There’s no excuse for this one, especially not in bright green with a pom-pom:
Sarah, in her review of the film, said, “This hat is just weird enough for me to buy that it’s based on something from the 17th century.” I’ve scoured every resource I can imagine and there’s nothing that resembles this. Of course, I can’t really tell what shape it really is; it kind of looks like a mutant over-decorated duckbill!
In the follow-up flick, they stuck with a blinged-up pillbox hat, which also, no.
I hate this red hat so much! It’s oversized, it looks cheap, and it doesn’t go with her outfit. I’m not convinced it belongs in the period at all — I think a felt hat like this should have a wider brim and go with a more jacket-like bodice. This hat totally ruins her look.
While this is a more obvious riff on the wide-brimmed hats of the 17th century, whoa, that side tilt is pure Hollywood, and the cherries as trim are wild.
Let’s round out the 17th century with some fontanges. Except these look like stacks of tissue paper on a headband. Which is a pity because the ones worn by the adult women in the same movie look far more accurate. Maybe they ran out of time or money?
Perhaps the most iconic hat for the 18th century is the tricorn, and it was first and most commonly worn by men. You’d think that’s not too difficult for movies and TV to do, but … These are just cheap-ass dime-store tricorns from when the dime-stores had American Bicentennial junk. 1970s kids remember, amirite?
And this one is enormous:
Making a tricorn from the exact same fabric as your suit is pretty cheezy too.

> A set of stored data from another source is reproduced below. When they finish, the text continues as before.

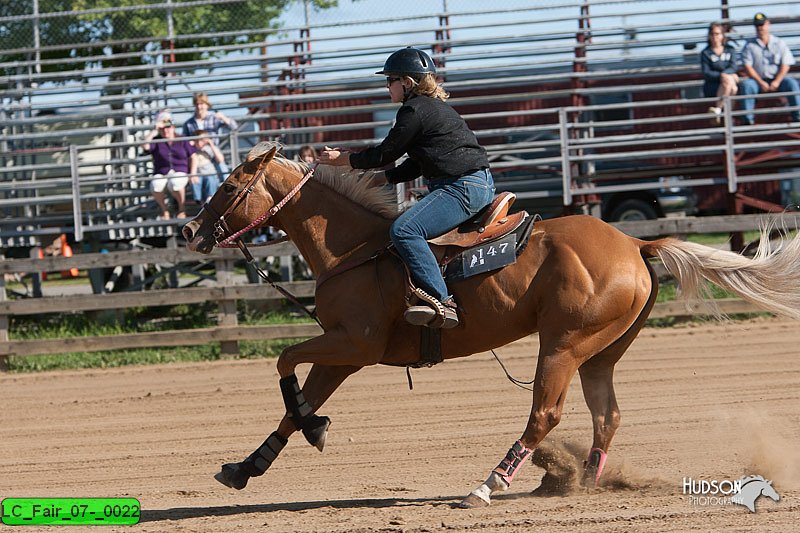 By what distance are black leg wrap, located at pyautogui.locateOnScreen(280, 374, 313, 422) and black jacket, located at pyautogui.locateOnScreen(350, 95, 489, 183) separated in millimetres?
1531

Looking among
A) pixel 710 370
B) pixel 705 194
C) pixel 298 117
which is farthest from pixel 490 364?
pixel 705 194

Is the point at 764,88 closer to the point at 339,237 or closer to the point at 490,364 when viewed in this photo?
the point at 490,364

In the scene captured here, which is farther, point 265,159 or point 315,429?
point 265,159

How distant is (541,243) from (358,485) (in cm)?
223

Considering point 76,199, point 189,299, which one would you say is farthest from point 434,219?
point 76,199

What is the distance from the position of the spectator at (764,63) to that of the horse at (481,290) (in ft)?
31.1

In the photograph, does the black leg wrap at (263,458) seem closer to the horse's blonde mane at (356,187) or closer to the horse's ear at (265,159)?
the horse's blonde mane at (356,187)

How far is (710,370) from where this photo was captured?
10.8 metres

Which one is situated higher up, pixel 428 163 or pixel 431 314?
pixel 428 163

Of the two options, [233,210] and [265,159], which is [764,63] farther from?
[233,210]

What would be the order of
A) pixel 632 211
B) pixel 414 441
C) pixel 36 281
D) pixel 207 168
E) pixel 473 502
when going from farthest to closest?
pixel 632 211
pixel 36 281
pixel 207 168
pixel 414 441
pixel 473 502

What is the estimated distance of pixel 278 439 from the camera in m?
6.72

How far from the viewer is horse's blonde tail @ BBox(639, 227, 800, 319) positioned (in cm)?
674

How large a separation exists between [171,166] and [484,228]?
31.5ft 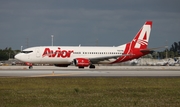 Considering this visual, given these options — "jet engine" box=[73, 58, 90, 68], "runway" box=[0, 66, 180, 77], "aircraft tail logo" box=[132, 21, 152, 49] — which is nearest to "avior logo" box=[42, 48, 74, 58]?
"jet engine" box=[73, 58, 90, 68]

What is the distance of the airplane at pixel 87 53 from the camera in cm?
6450

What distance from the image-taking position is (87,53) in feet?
221

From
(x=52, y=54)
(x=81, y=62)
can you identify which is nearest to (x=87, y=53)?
(x=81, y=62)

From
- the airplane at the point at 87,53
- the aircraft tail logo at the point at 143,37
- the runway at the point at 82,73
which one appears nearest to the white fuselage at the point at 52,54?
the airplane at the point at 87,53

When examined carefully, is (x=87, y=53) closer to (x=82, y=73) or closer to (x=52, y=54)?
(x=52, y=54)

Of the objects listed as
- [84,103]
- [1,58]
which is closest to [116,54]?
[84,103]

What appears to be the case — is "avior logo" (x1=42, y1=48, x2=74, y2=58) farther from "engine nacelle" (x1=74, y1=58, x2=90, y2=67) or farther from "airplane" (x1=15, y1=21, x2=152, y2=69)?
"engine nacelle" (x1=74, y1=58, x2=90, y2=67)

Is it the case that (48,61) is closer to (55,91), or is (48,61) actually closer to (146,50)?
(146,50)

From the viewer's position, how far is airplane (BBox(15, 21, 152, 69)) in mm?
64500

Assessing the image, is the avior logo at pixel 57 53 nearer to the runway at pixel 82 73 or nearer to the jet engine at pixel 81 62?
the jet engine at pixel 81 62

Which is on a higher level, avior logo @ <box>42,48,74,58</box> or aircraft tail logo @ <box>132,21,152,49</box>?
aircraft tail logo @ <box>132,21,152,49</box>

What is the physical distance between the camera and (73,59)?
6569 cm

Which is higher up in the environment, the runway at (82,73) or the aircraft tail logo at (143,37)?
the aircraft tail logo at (143,37)

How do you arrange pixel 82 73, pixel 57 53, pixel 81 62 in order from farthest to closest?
pixel 57 53 → pixel 81 62 → pixel 82 73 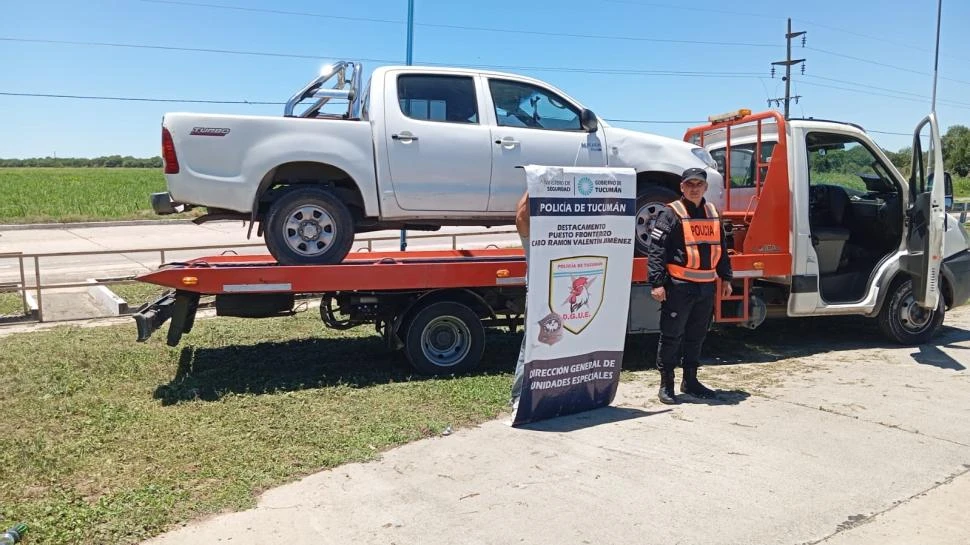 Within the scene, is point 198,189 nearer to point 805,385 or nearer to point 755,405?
point 755,405

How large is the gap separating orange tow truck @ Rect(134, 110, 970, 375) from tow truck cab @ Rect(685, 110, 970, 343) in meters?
0.01

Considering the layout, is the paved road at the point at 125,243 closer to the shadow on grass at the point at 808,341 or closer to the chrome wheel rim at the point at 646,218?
the shadow on grass at the point at 808,341

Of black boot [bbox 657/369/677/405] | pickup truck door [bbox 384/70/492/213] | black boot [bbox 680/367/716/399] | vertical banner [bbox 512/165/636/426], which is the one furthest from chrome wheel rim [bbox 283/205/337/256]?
black boot [bbox 680/367/716/399]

Time for a nitpick (and Snark Week is always the right time for being nitpicky) — I’m not convinced that straw tricorns were a thing in this period, these ones are too flat, and honestly they’re too small. Women’s tricorns in the 18th century were closer to the same size as men’s and were primarily worn for travel, riding, and outdoor activities (so for hunting, they got that right).
Looks like only two sides of the “tricorn” are even shaped!
Too small of tricorns are a problem, so are too big (and still straw):
I think this was supposed to be a tricorn, but they literally ran out of steam.
In my Patreon post about hats, I go into detail about women’s caps, particularly for the 16th through 18th centuries. These shitty mob caps do not qualify. A circle of fabric with an elastic band does not an actual cap make.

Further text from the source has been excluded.